* [Data below]

--------

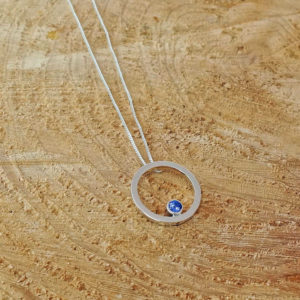 Tanzanite Circle Gemstone Pendant, Modern gemstone jewellery, Park Road Jewellery, Ethically sourced gemstone jewellery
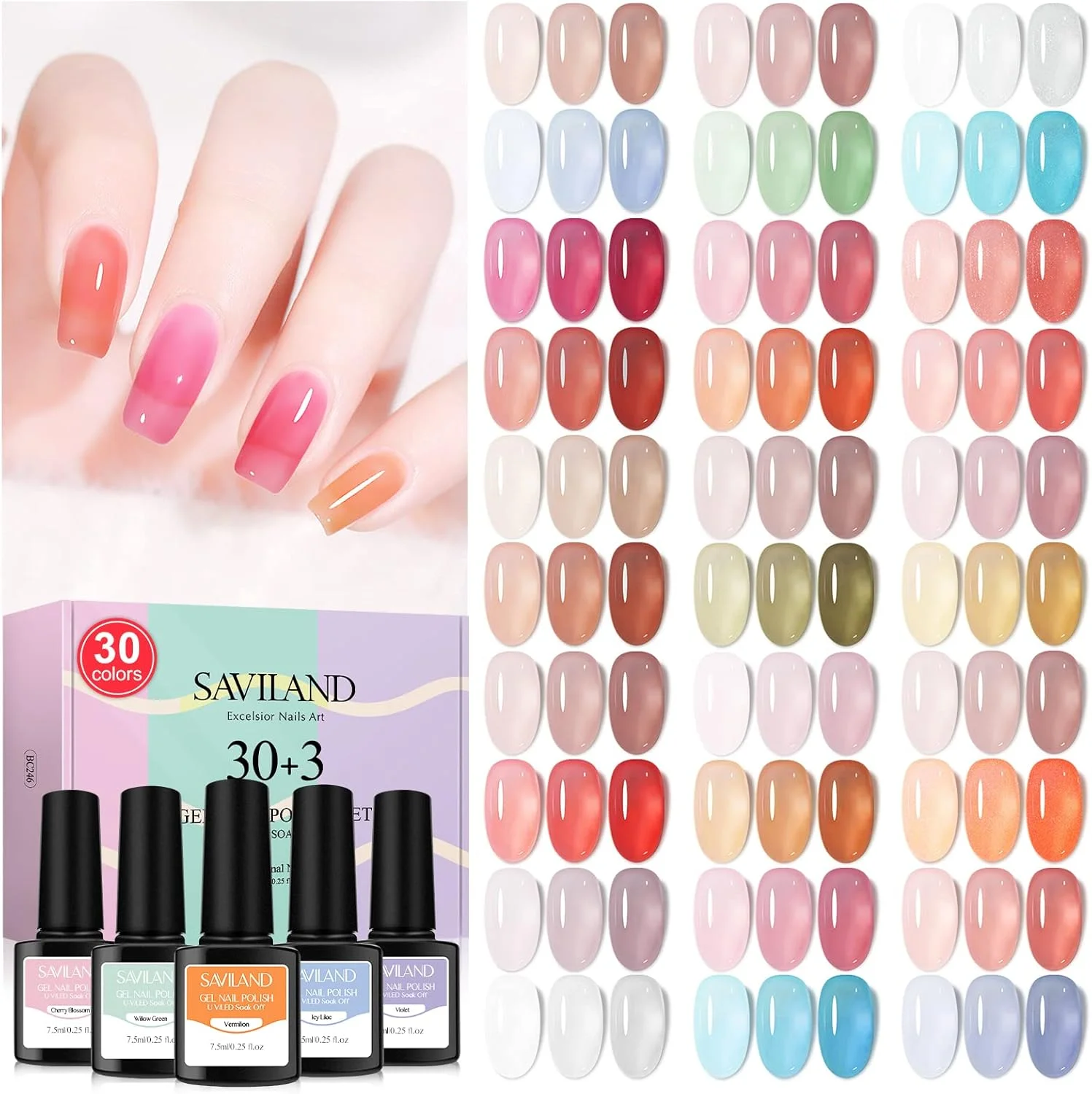 ست لاک ژل ژله ای ناخن SAVILAND، 30 رنگ لاک ناخن صورتی کالباسی شفاف با 180 جلوه براق/مات/شفاف برای سالن ناخن، هدیه کریسمس و تعطیلات خانگی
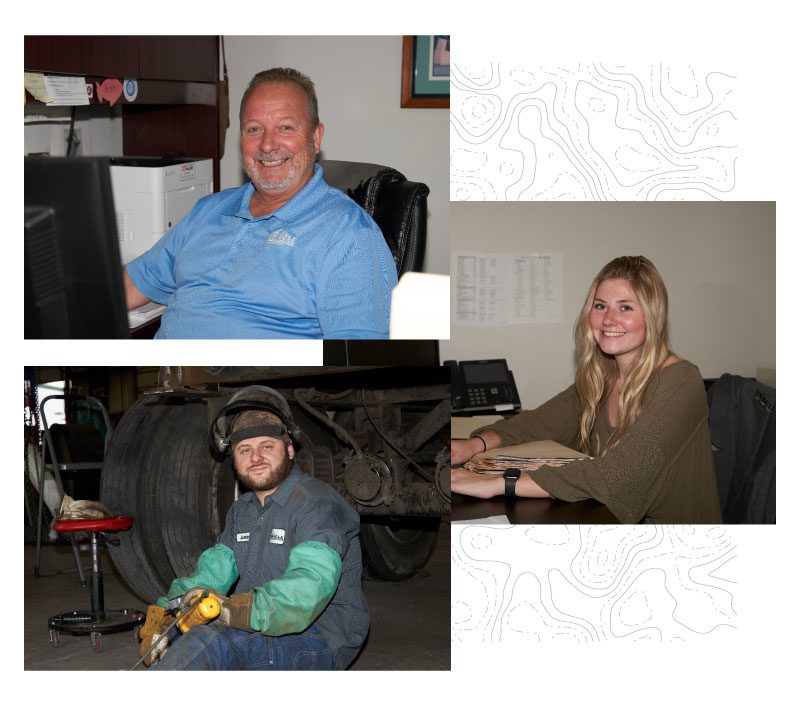 Collage of 3 Pinnacle Trailer employees smiling while working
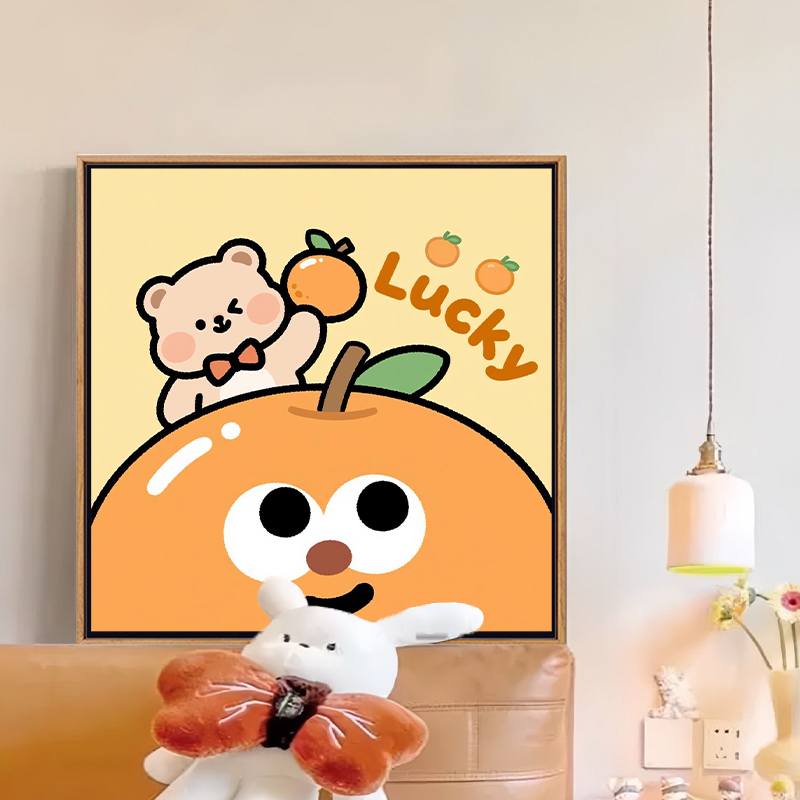 可爱水果数字油画diy卡通风手绘填充治愈解压简单油彩画装饰挂画图片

--------

* [Problem to work on] From the line with "Collage of 3" through the final line of the data above, copy everything exactly, both ends included, but not the pictures.

* [Answer section]
 Collage of 3 Pinnacle Trailer employees smiling while working
 可爱水果数字油画diy卡通风手绘填充治愈解压简单油彩画装饰挂画图片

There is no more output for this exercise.